▶ ACTIVITY:
Could you return every record below word for word, leaving out the pictures?

▶ EXTRACTED RECORDS:

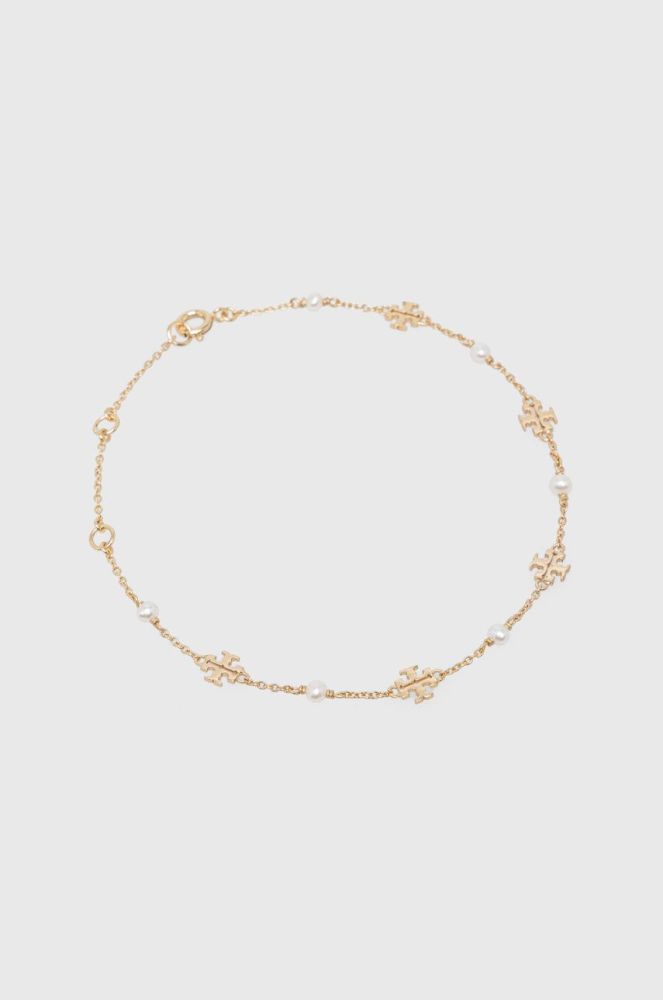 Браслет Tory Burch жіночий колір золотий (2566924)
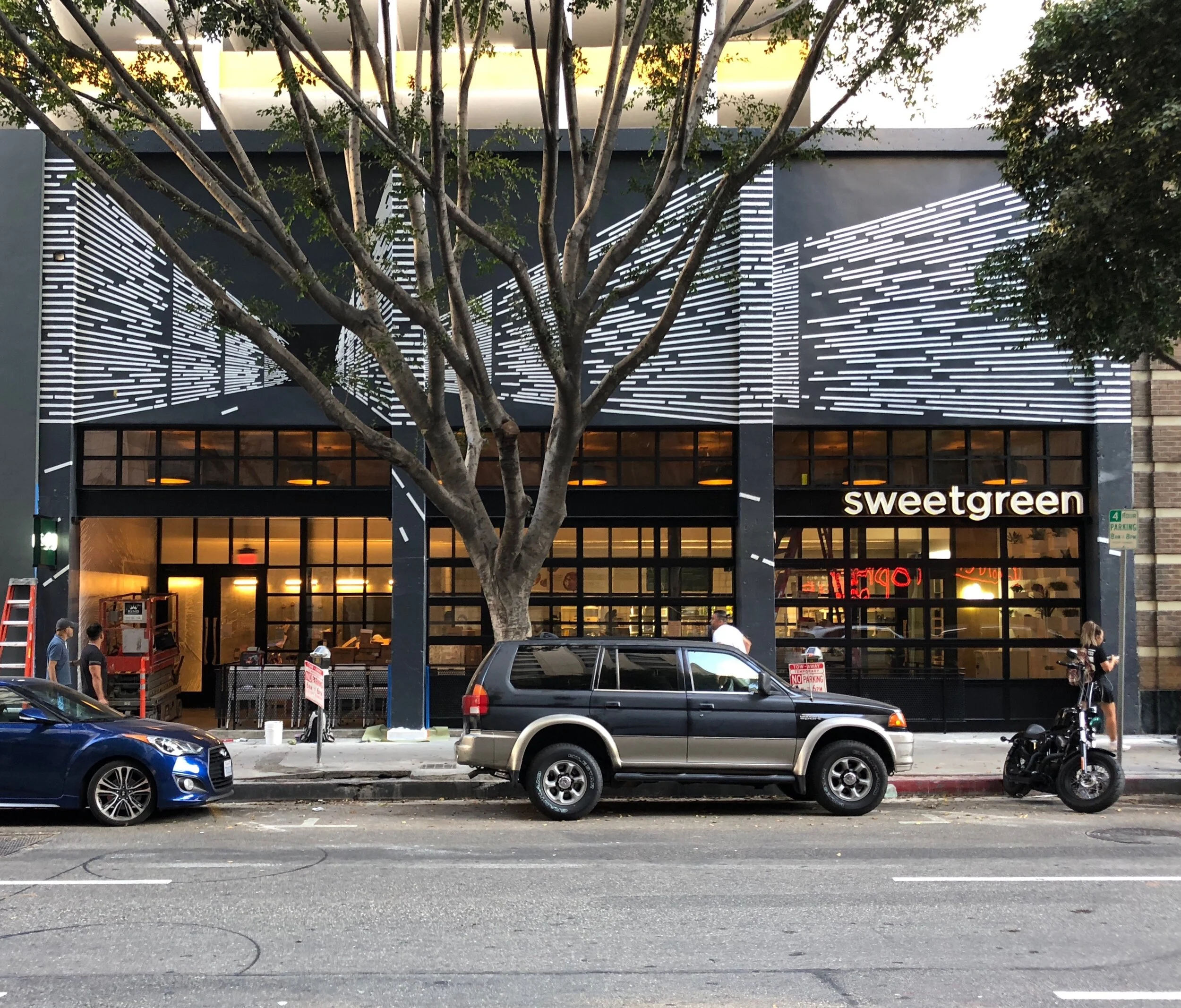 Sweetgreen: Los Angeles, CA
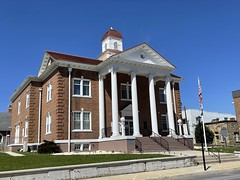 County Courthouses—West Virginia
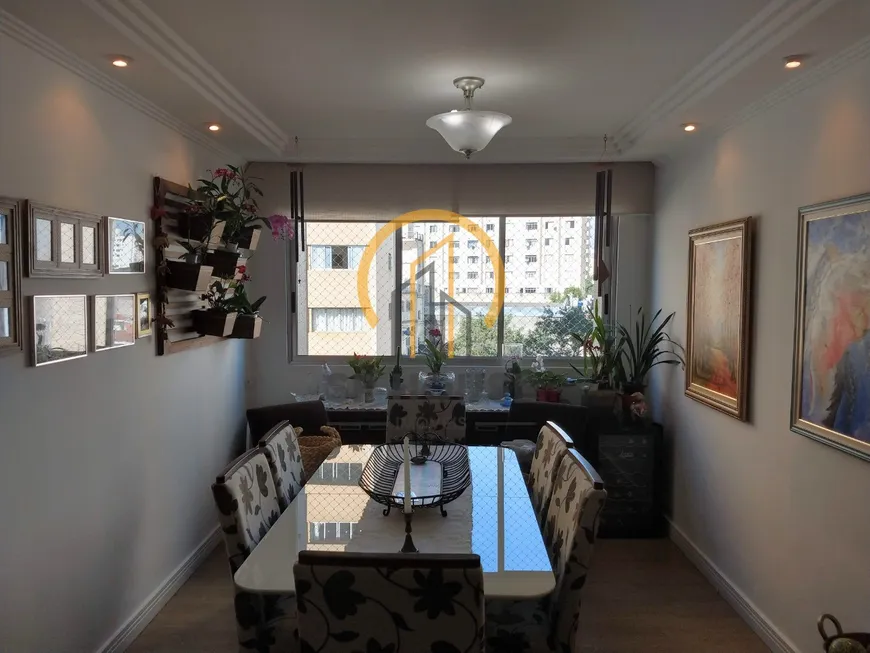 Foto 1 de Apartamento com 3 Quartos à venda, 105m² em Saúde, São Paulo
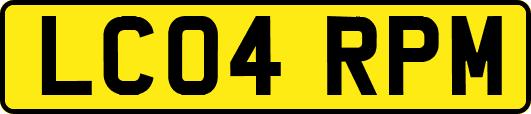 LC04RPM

▶ ANSWER BELOW:
 Браслет Tory Burch жіночий колір золотий (2566924)
 Sweetgreen: Los Angeles, CA
 County Courthouses—West Virginia
 Foto 1 de Apartamento com 3 Quartos à venda, 105m² em Saúde, São Paulo
 LC04RPM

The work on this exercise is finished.